Brief
Reproduce the data exactly and drop any pictures it holds.

Dataset content
-- Opening Marker --
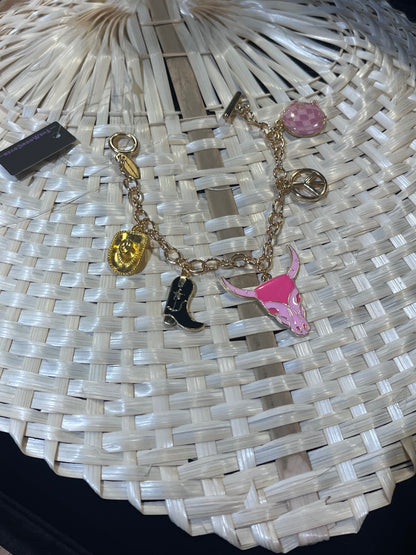 Wild Spirit Western Charm Bracelet – Gold T-Bar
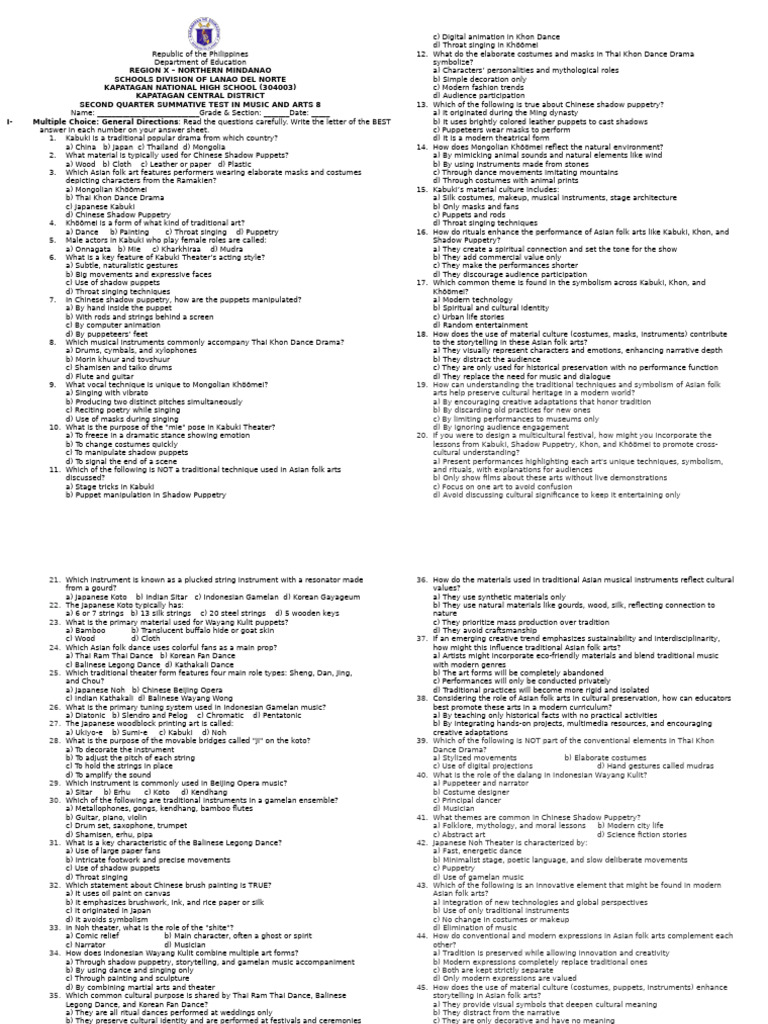Summative Test: Music and Arts 8 | PDF | Puppetry | Puppets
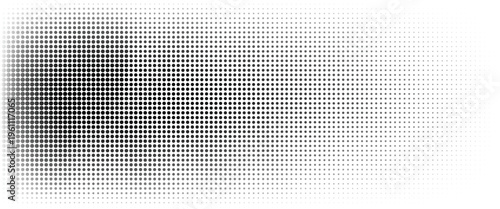 Dotted halftone gradient texture. Fading polka dot background. Repeated dots gradation pattern background. Black vanishing comic pop art overlay backdrop.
-- Closing Marker --
Result of the exercise
 Wild Spirit Western Charm Bracelet – Gold T-Bar
Summative Test: Music and Arts 8 | PDF | Puppetry | Puppets
 Dotted halftone gradient texture. Fading polka dot background. Repeated dots gradation pattern background. Black vanishing comic pop art overlay backdrop.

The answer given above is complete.